Math (trig) question

I'd be happy to help if you decide to continue with it.

Nauga,
simplifying terms
I shall require a sandwich.

--

I'll dig back into that Wolfram page again. I think it has what I need, but I have to work through the formula to figure out my known values and to look at the physical components to verify the drawing above actually matches what I have. I am pretty sure that the link "L" is directly in-line with the Z rod at the zero position. That makes the starting values simple because I can set the rod position at that point as "zero" and then +/- from there.

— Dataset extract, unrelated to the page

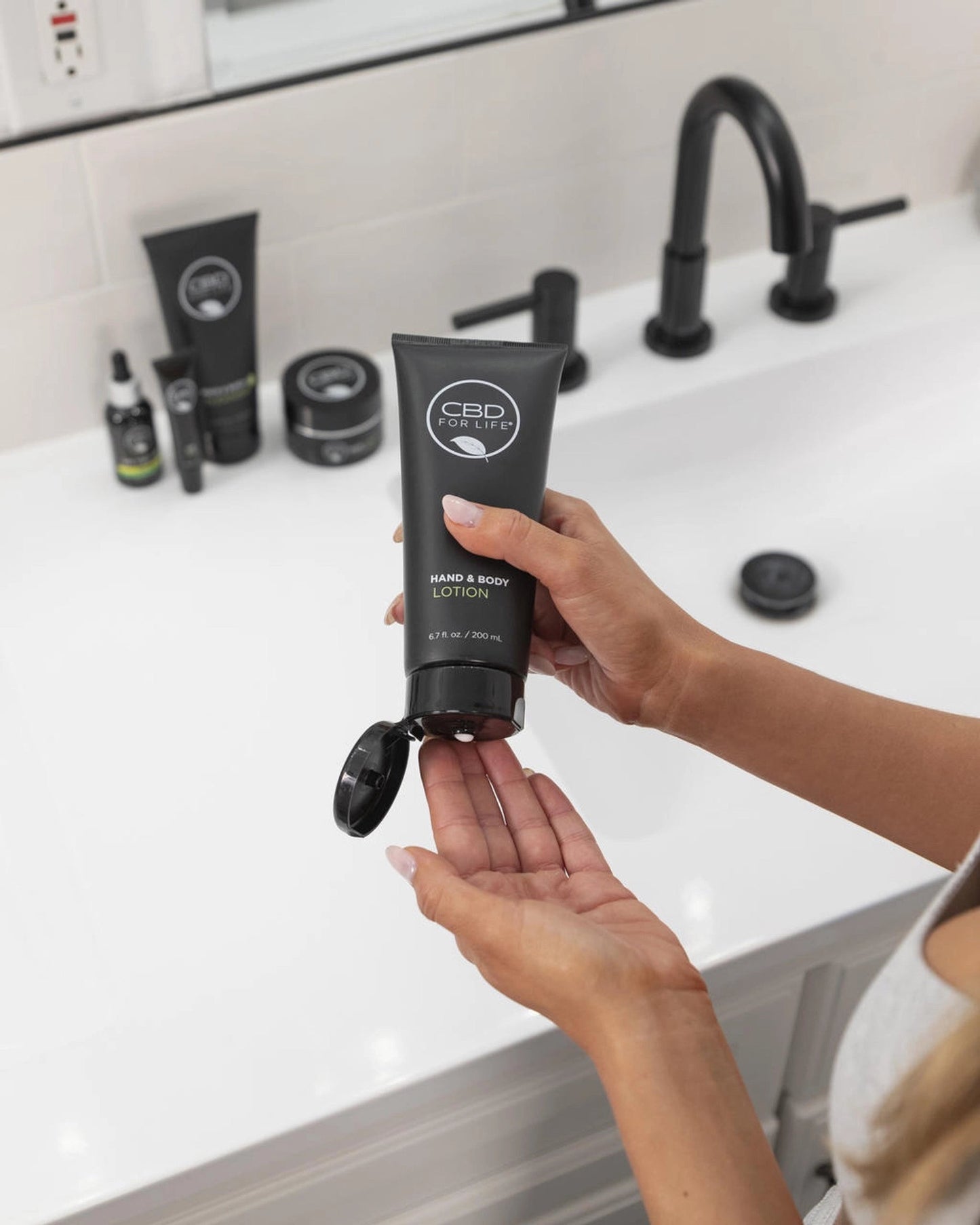 CBD FOR LIFE CBD Hand And Body Lotion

I had been looking at it as a series of angles and triangles, but the 2-circle intersection approach seems easier. The math is messy, and there is a lot of it, but it's already been done by others that are smarter than I am. And, it uses square roots and cosines, and chicks dig square roots and cosines.
 
OK - finally back onto this. From what I've found, there are plenty of on-line resources with "intersection of two circles" equations and calculators. I need to do this in two steps - calculate the two intersection points and select the one that I care about, and using that point recalculate angles. But I have to work backward because I will know the angles first. Given the angles, I can figure the required intersection point on the large circle, then adjust the Y axis of the small circle until it intersects at that same point.

Simple. Coffee will help.
 
How accurate does your answer need to be? Make a simple working model and measure the angle.
Probably down to about 3 decimal places, maybe 2.

I need to write this into a program. Given the point of intersection on the large circle, return the Y value of the center point of the small circle. The X value of the small circle center point will be constant.

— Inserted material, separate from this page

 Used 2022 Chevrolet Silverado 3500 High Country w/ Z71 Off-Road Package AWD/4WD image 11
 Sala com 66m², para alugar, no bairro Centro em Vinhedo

I can calculate the intersection point because the large circle radius and (x,y) doesn't change, just the angle of rotation. And for that I can do simple math to find the base and height (x,y) values of the triangle that would give me a point on that circle. Now I know where the two circles have to intersect and I need to work backwards to find the y center point of the small circle.

Here are just a few of the things I found:
https://stackoverflow.com/questions/3349125/circle-circle-intersection-points

http://mathworld.wolfram.com/Circle-CircleIntersection.html

http://csharphelper.com/blog/2014/09/determine-where-two-circles-intersect-in-c/
 
Free play, fits an clearances or manufacturing tolerances taken into account?
Yeah - taken into account, and I already know there will be a lot of mechanical slop in the system. But the math can go down into the weeds. I just need to calculate a single position - if the mechanism can't get there within a reasonable tolerance, that's a different problem.
 
What I'm getting from your description is that you want rotation α as a function of z, something like this. Correct?

diagram.jpg
OK - got it figured out, I think. Don't need the "2-circles" things after all...sort of.

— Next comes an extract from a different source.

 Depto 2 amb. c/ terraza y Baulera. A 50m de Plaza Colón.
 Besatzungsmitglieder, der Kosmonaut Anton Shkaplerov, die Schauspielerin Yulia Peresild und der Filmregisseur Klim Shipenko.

I can do it all with triangles, sines and cosines.

I'd be happy to help if you decide to continue with it.

Nauga,
simplifying terms

I'll PM both of you to explain what I did. Thanks, to both of you. It took some ciphering and drawing, and then I had one of those aha-moments. Of course, I may be totally wrong.
 
OK - got it figured out, I think. Don't need the "2-circles" things after all...sort of.

I can do it all with triangles, sines and cosines.

Told ya. (snark, snark, snark)
 
Told ya. (snark, snark, snark)
Yeah, well. I'm a little slow.

I spent most of yesterday doing all the 2-circle math. I needed to know one point in particular. Given all the info I had, I could calculate all the other points, distances, and angles. Then I would have to work backwards to get that point that I needed. Turns out doing that is a pain. But after drawing all the lines and such, I was able to see the triangles. I'm a little slow and need to "see" things.

I know you recommended using triangles, and that's the original way I was going, but I didn't "see" it until a couple hours ago. Thanks for the hints.
 
Yeah, well. I'm a little slow.

I spent most of yesterday doing all the 2-circle math. I needed to know one point in particular. Given all the info I had, I could calculate all the other points, distances, and angles. Then I would have to work backwards to get that point that I needed. Turns out doing that is a pain. But after drawing all the lines and such, I was able to see the triangles. I'm a little slow and need to "see" things.

I know you recommended using triangles, and that's the original way I was going, but I didn't "see" it until a couple hours ago. Thanks for the hints.
I'm just being a snarking bastard. Good job working it out. I've drawn many, many, many triangles doing layout/design work...even once used triangles to measure how much a jack-up barge was listing...I think I still have a little clear plastic protractor in the case with the HP-41c...
 
Fortunately, I was NOT the kid in class that always asked, "Do we need to know this for the test?"